I confess that I'm biased. Every Saturday morning I join women's rights supporters in defending a West Kendall clinic against a band of religious fanatics whose goal is "to close this place down and move on to the next one," according to one of them quoted in the Florida Catholic. On a recent Saturday, one of them kept shouting about "Jewish baby killers." Another drew her hand from her hip and pointed her fingers, like a pistol, at a clinic staffer.
Contraception and abortion are necessary if women are to play an equal role in society. That's what we have and enjoy today. Theocrats would take us back to the Dark Ages.
And hypocrisy too: Trevor Aaronson's article questioning the impartiality and competence of United States District Court Judge José E. Martinez in the trial of Canals v. Archdiocese of Miami, et al. ("Religious Conviction," October 12) was grossly unfair to both an esteemed member of the judiciary and to the facts of the case. Judge Martinez deserves an apology.
The Archdiocese's lawyers have advised me that the reporter ignored the following points:
Ms. Canals's lawsuit sought damages in excess of one million dollars from the Archdiocese and eight other named defendants. The suit included claims and accusations against her own co-workers of defamation and of plotting a conspiracy to defame her. All of those claims were dismissed at trial. Judge Martinez's rulings in the Canals case have all been affirmed unanimously by a three-judge panel of the Eleventh Circuit Court of Appeals.

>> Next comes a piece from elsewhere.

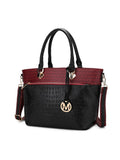 MKF Collection Grace Signature and Croc Embossed Tote Bag by Mia k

The marginal jury award in favor of Ms. Canals (less than four percent of what she was seeking) was simply not legally supported. Judge Martinez's legal analysis on this point was fully supported and affirmed by the appeals court. The jury returned a verdict against Ms. Canals on yet another of her claims: age discrimination.
The notion that Judge Martinez should have recused himself from the case is meritless and was raised only by Ms. Canals's lawyer for the first time after final judgments had been entered against her. Judge Martinez referred the motion to the chief judge, the Honorable William Zloch, who ruled the recusal was unwarranted. That decision was also appealed and affirmed.
Judge Martinez permitted Ms. Canals to try a case that arguably could have been dismissed before trial. Contrary to the assertions in Mr. Aaronson's article, there was not a scintilla of evidence (or even a witness listed) to support Ms. Canals's contention that a minor was "sexually molested" a minor who is related to Ms. Canals nor even any evidence that Ms. Canals was asked to commit perjury.
On appeal, Ms. Canals's lawyer, who happens to also be her son-in-law, even suggested that he had been sanctioned for misconduct related to his filing of inappropriate legal briefs. The appellate court took him up on the suggestion and referred him for consideration of appropriate disciplinary measures.